Saúde & Bem-estar

Hipertensão: 6 hábitos que ajudam a controlar a pressão arterial

Confira estratégias que podem auxiliar na redução dos impactos da condição e favorecer a saúde cardiovascular ao longo do tempo

O acompanhamento médico aliado a ajustes consistentes na rotina favorece a estabilidade da pressão alta (Imagem: Quality Pixel | Shutterstock)  -  (crédito: EdiCase)
O acompanhamento médico aliado a ajustes consistentes na rotina favorece a estabilidade da pressão alta (Imagem: Quality Pixel | Shutterstock) - (crédito: EdiCase)
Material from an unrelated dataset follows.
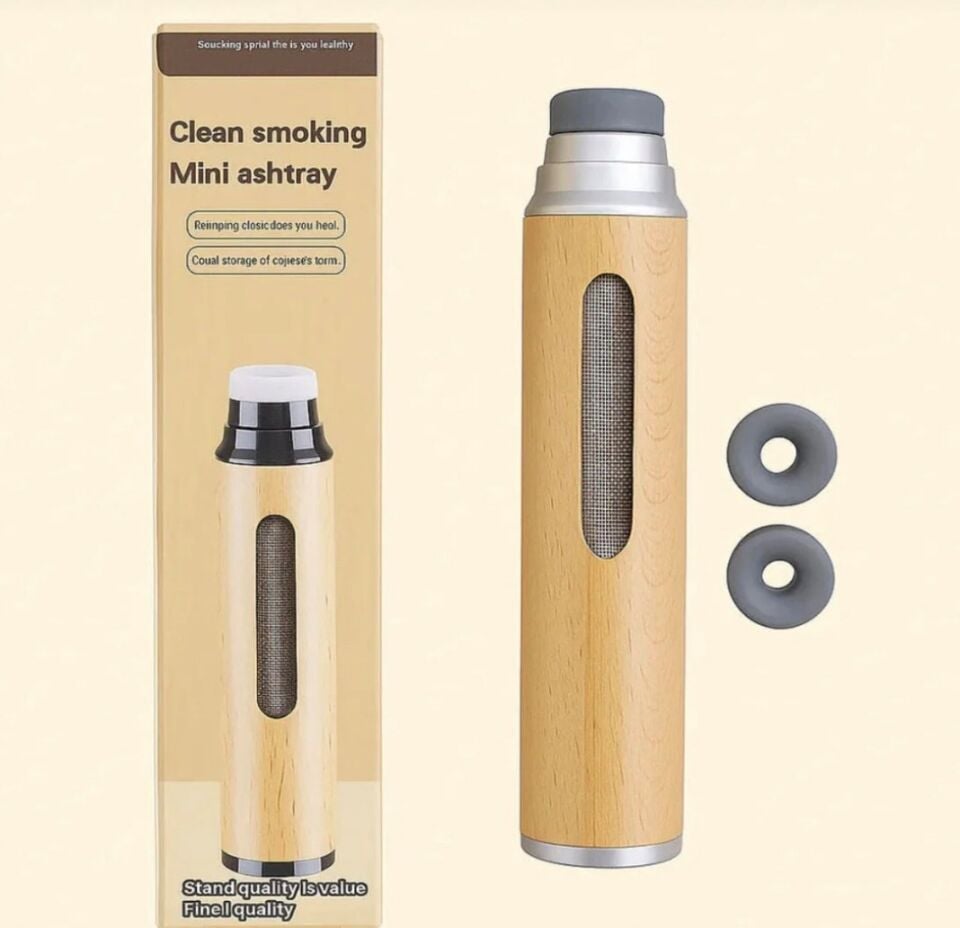 Lüks Kayın Ağacı Araç Sigara Tutucu. Portatif Duman Küllük, Kül Dökülmez. Şık ve Dayanıklı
A hipertensão, popularmente chamada de “pressão alta”, é uma condição caracterizada pela elevação frequente da pressão arterial, geralmente acima de 12 por 8 (120×80 mmHg), o que pode comprometer diferentes órgãos do corpo ao longo do tempo, como coração, cérebro, rins, olhos e vasos sanguíneos.

Por isso, o acompanhamento contínuo e o cuidado com a pressão arterial são fundamentais para reduzir riscos cardiovasculares, prevenir complicações e melhorar a qualidade de vida, conforme destaca a Sociedade Brasileira de Cardiologia (SBC).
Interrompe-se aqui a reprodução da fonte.